I’m happy to announce an initial release of cuTile.jl, a new JuliaGPU package that makes it possible to program (Blackwell) NVIDIA GPUs using a tile-based abstraction by NVIDIA. This simplifies writing kernels, because you don’t have to think about threads or memory hierarchies anymore, everything is global memory accessed by blocks of threads:
using CUDA
import cuTile as ct
# Define kernel
function vadd(a, b, c, tile_size::Int)
pid = ct.bid(1)
tile_a = ct.load(a, pid, (tile_size,))
tile_b = ct.load(b, pid, (tile_size,))
ct.store(c, pid, tile_a + tile_b)
return
end
# Launch
vector_size = 2^20
tile_size = 16
a, b = CUDA.rand(Float32, vector_size), CUDA.rand(Float32, vector_size)

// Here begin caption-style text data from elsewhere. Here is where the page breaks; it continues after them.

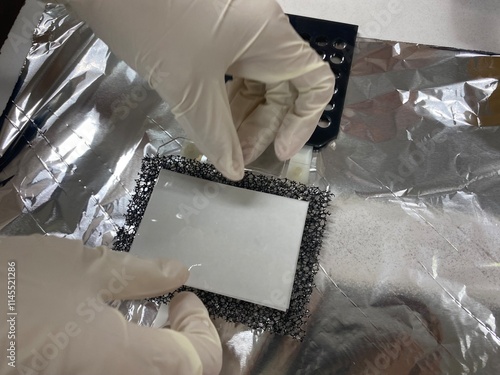 Equipment used for Western Blot, scientific equipment used for detecting specific proteins, biochemical equipment.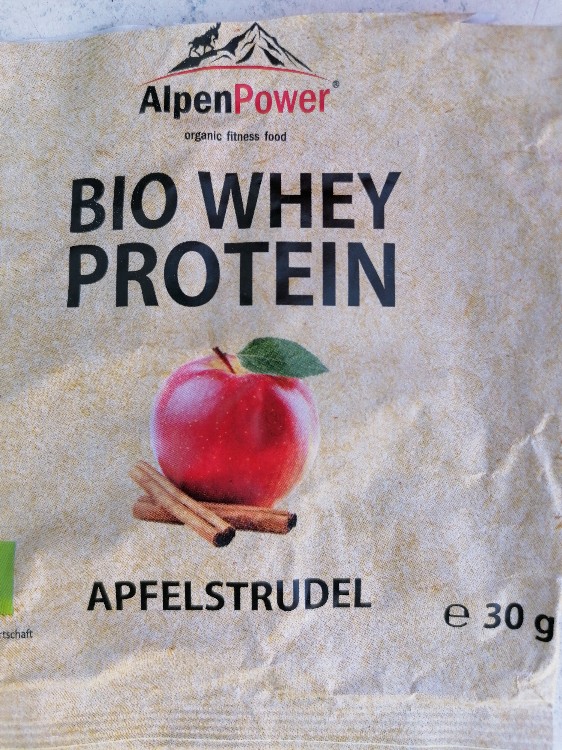 Alpenpower, Bio Whey Protein Apfelstrudel von Barbarella29 | Hochgeladen von: Barbarella29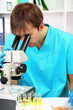 Assayer during research on room background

c = CUDA.zeros(Float32, vector_size)
ct.launch(vadd, (cld(vector_size, tile_size), 1, 1), a, b, c, ct.Constant(tile_size))
@assert c == a .+ b
Compare this to a CUDA.jl vector addition:
function vadd(a, b, c)
i = (blockIdx().x-1i32) * blockDim().x + threadIdx().x
c[i] = a[i] + b[i]
return
end
@cuda threads=vector_size vadd(d_a, d_b, d_c)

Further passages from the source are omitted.